» Exercise: Copy the records below exactly, starting at the line that contains "Мужские хлопковые джоггеры" and ending at the line that contains "Renault Symbioz - Photo 21"; leave out any pictures.

» Supplied material:
***

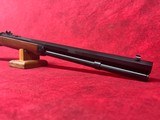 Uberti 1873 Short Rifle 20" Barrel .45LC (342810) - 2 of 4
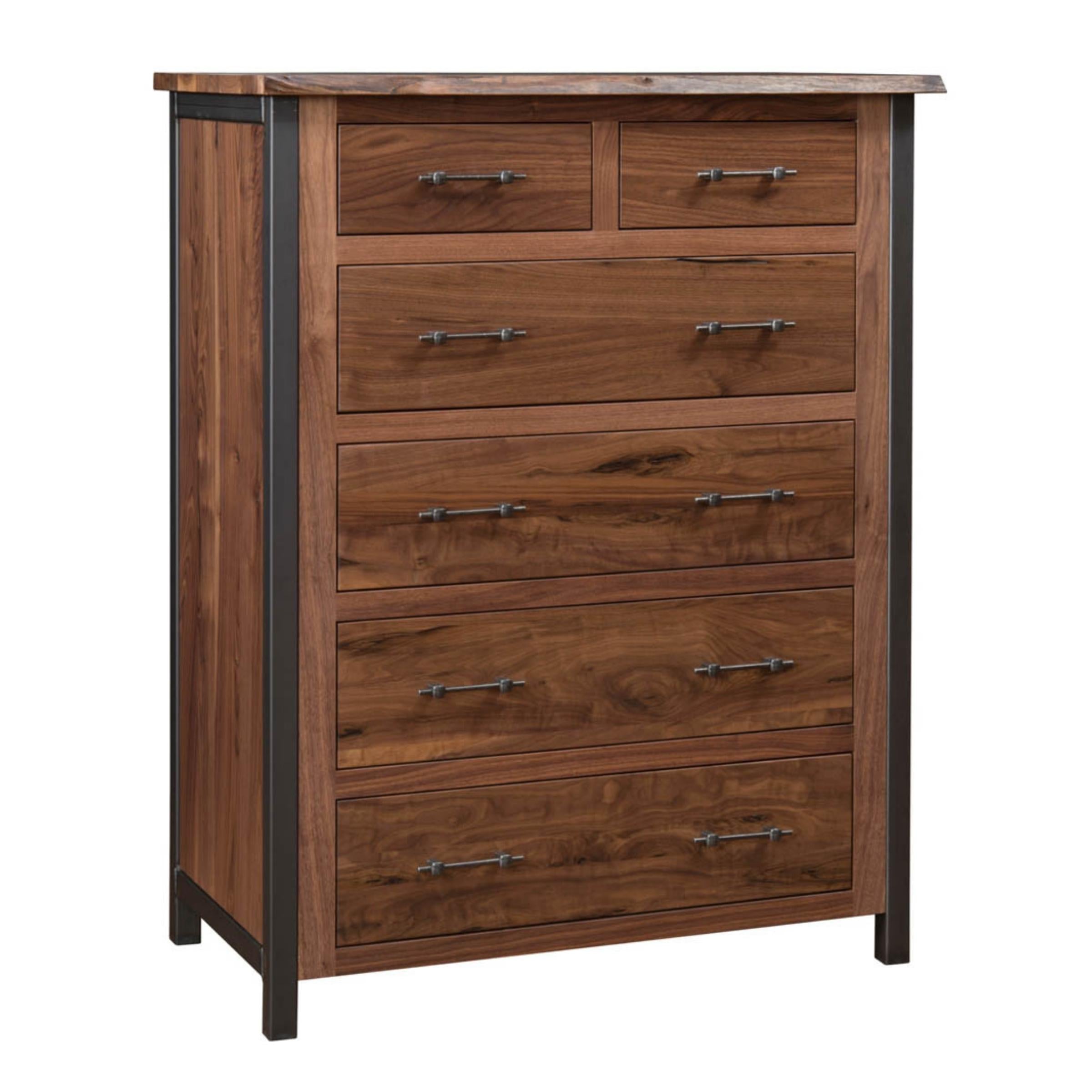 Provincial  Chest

***

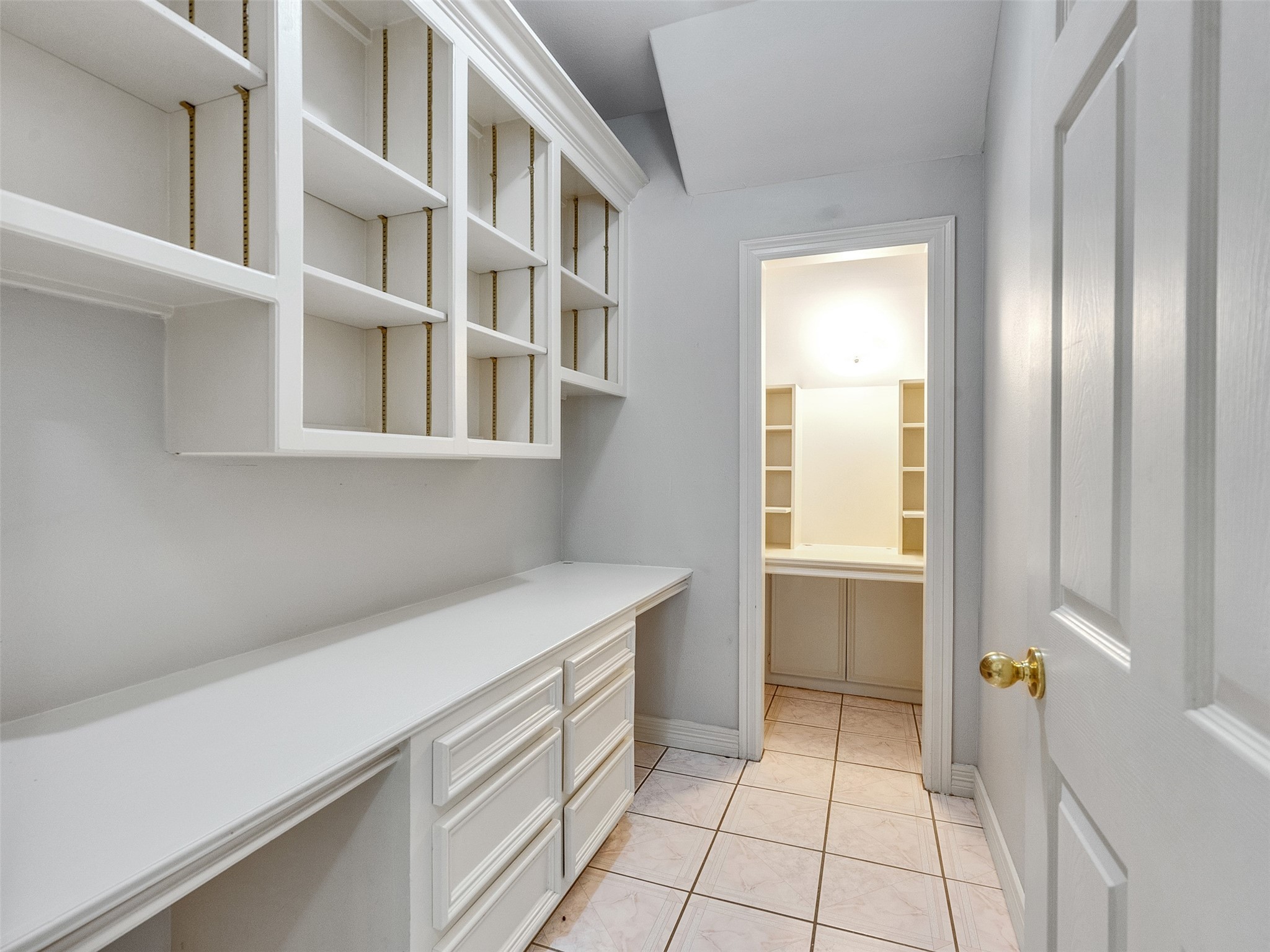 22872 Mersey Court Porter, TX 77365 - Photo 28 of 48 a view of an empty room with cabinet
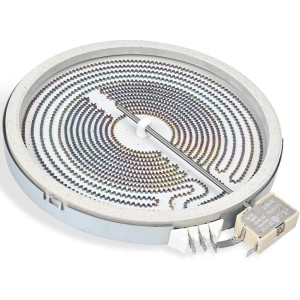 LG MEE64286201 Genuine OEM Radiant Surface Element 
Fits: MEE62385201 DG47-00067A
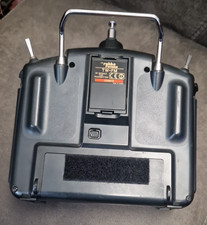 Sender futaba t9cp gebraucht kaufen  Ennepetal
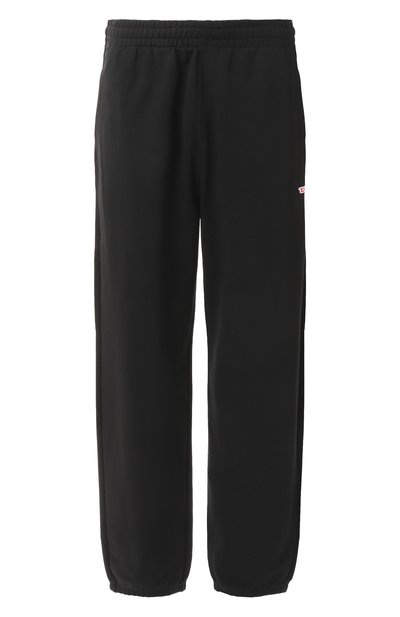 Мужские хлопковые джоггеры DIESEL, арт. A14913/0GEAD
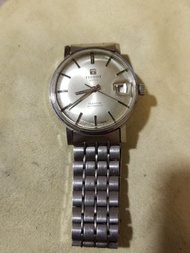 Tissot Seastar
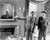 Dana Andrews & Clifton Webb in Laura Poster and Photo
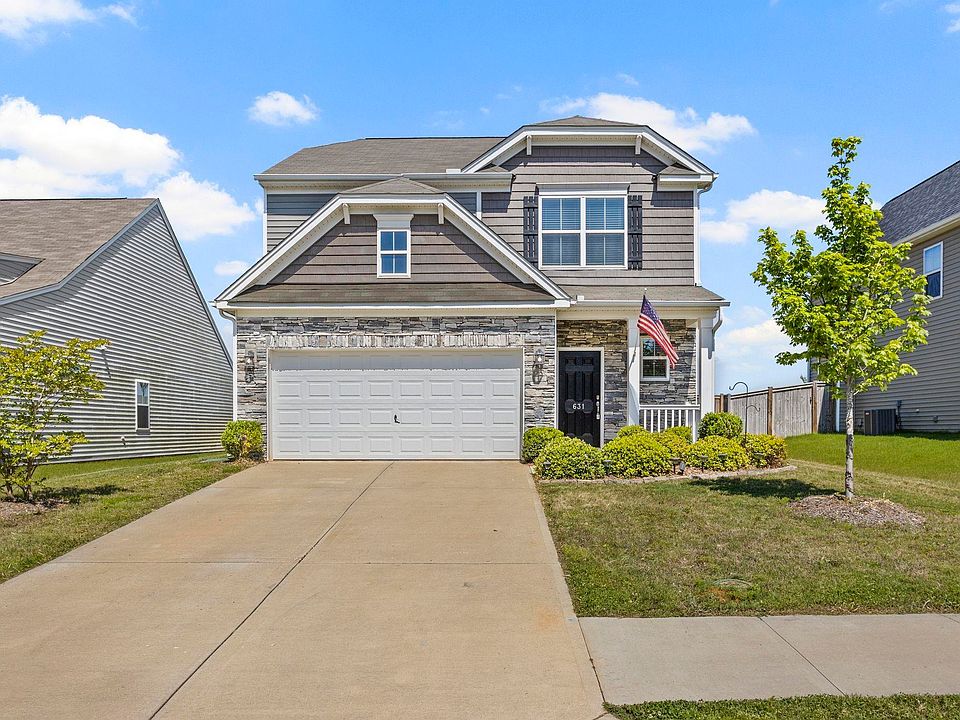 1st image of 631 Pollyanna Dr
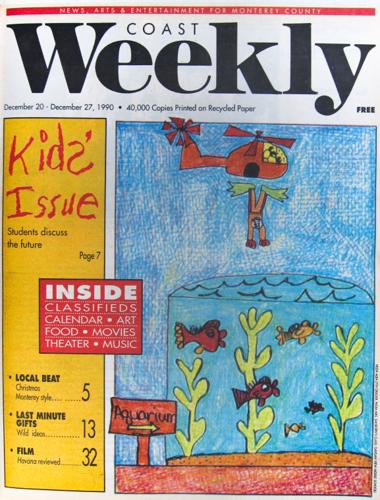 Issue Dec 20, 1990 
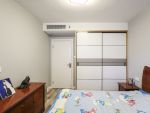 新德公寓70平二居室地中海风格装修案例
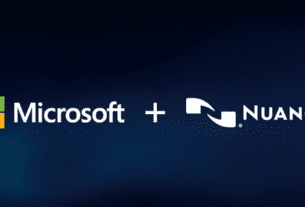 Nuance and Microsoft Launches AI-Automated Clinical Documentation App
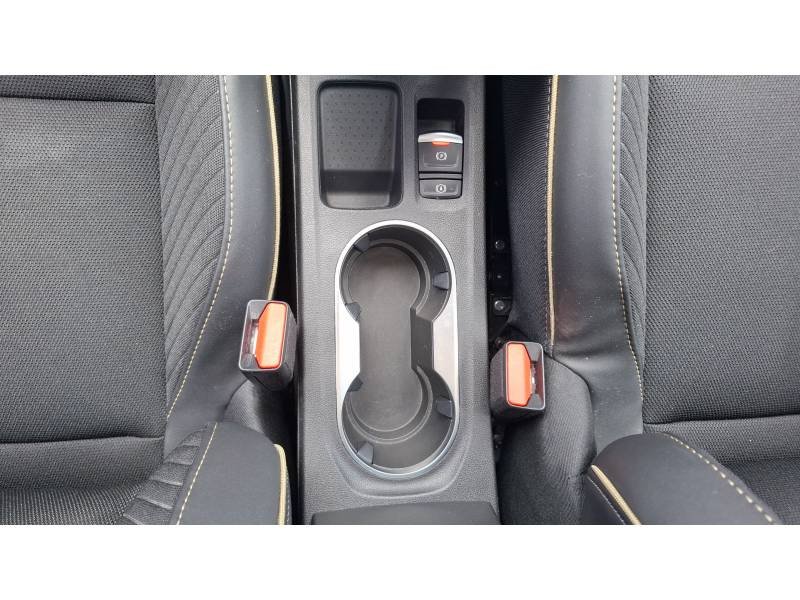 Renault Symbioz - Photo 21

***

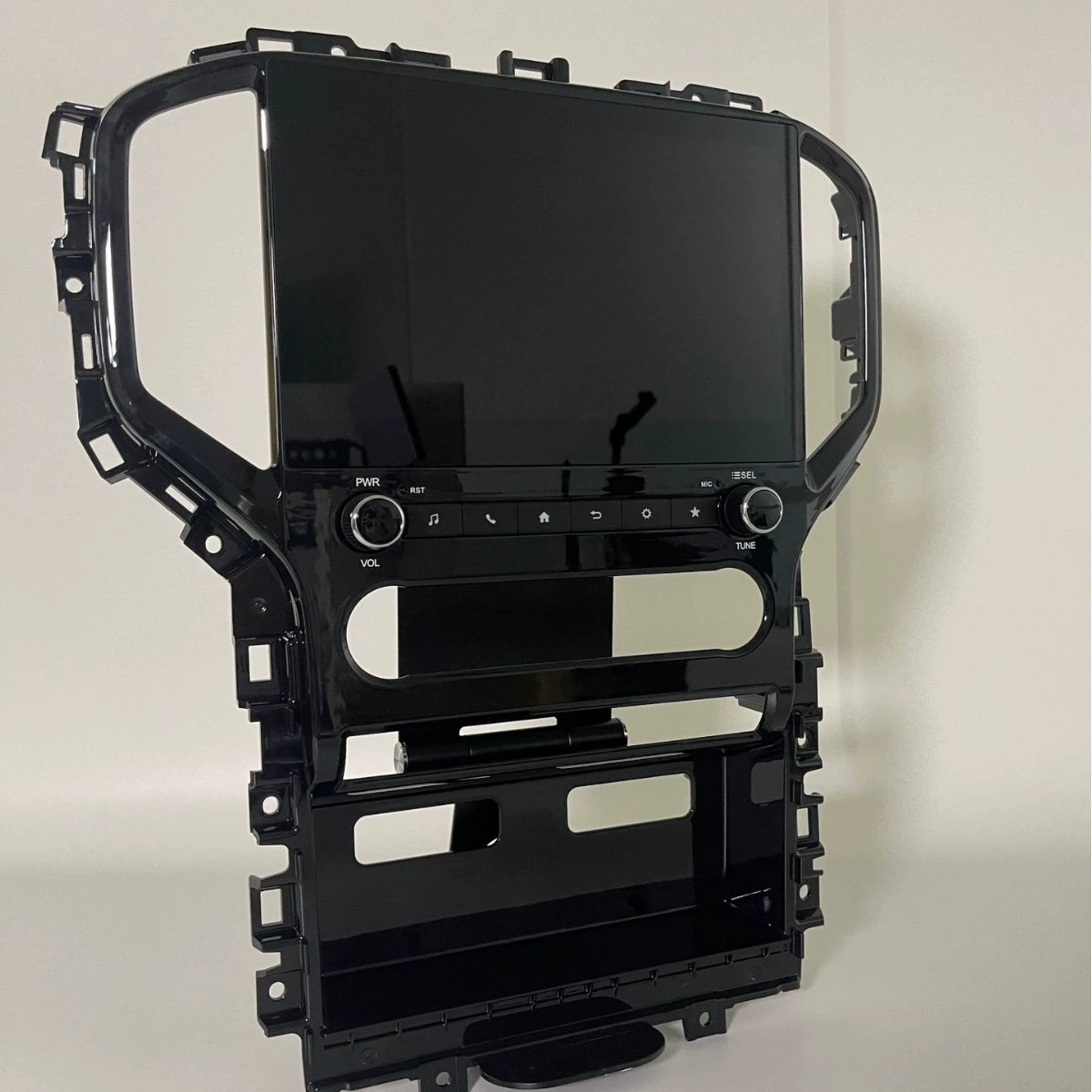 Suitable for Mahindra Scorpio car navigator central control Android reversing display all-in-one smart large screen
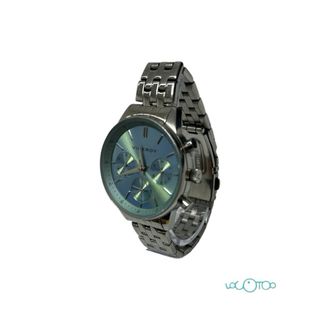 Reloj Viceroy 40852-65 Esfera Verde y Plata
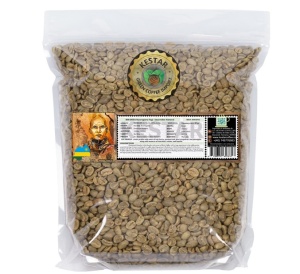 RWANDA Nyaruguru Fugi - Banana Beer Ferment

***

» Response box:
 Мужские хлопковые джоггеры DIESEL, арт. A14913/0GEAD
 Tissot Seastar
 Dana Andrews & Clifton Webb in Laura Poster and Photo
 1st image of 631 Pollyanna Dr
 Issue Dec 20, 1990 
 新德公寓70平二居室地中海风格装修案例
 Nuance and Microsoft Launches AI-Automated Clinical Documentation App
 Renault Symbioz - Photo 21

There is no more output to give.